Turkish courts will be busy in the next few months: in March, Ahmet Onal, owner of the Peri Publishing House, accused a total of 26 times for the books he published, will be back in court; the first hearing of the case of Abdullah Yildiz - the editor of Literatür publishers facing several years in jail for his publication of The Witches of Smyrna by Mara Meimaridi of Greece - is scheduled at the beginning of April. The case of Ismet Berkan, editor in chief of the “Radikal” newspaper, the “Radikal” columnists Erol Katircioglu, Murat Belge, Haluk Sahin, and “Milliyet” columnist Hasan Cemal - accused of criticising the cancellation of a conference on the Armenian genocide - has recently been postponed to April. Eight days after their case, Ragip Zarakolu, co-founder and owner of Belge Publishing, will be appearing in court for the publication of Dora Sakayan’s An Armenian Doctor in Turkey: Garabed Hatcherian, My Smyrna Ordeal of 1922 and George Jerjian’s The Truth Will Set Us Free: Armenians and Turks Reconciled, while publisher Songül Özkan will stand trial in May for publishing Kurdish Rebellions by Ahmet Kahraman.

The International Publishers’ Association (IPA) asked in a recent press release to withdraw immediately the charges against these Turkish publishers, or acquit them. The International PEN stated it will continue to protest against the trials and the harassment of writers, journalists and publishers, while it will also call for the quashing of laws that breach the right to freedom of expression in Turkey. In the meantime, the number of signatures collected for the campaign "301 Times No! No Limits on Freedom of Thought" (www.301hayir.net) - that asks to repeal article 301 of the Turkish Penal Code - has reached over 4,000. Among the signatories of this initiative, there are many academics, writers, journalists and human rights activists.

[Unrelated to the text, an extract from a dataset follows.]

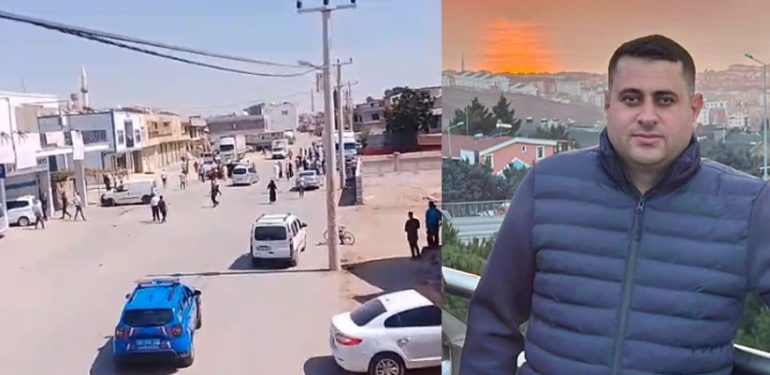 Silahlı kavgada ölen gencin kimliği belli oldu!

A while back, writer and sociologist Dr Ismail Besikci - charged in the past with speaking about the Kurds in his writings and readings - stated in Selected Writings: Kurdistan & Turkish Colonialism, “The real question is not that of freedom for a writer. The real question is that of the national rights of the Kurds”. Asked if he agrees with this statement, Tirman explains, “Besikci is probably saying that we in the West should not concentrate so much on individual liberties - like the Pamuk case - if it means ignoring massive human-rights violations, like those I wrote about in Spoils of War, such as the forced displacement of one million Kurds, a truly colossal crime.”

The never-ending trials against intellectuals in Turkey must therefore turn into a reason to fight in the name of freedom of expression and thought, without forgetting major human rights abuses.

John Tirman’s new book explores America’s impact in the world and will be published next fall by Harper Collins.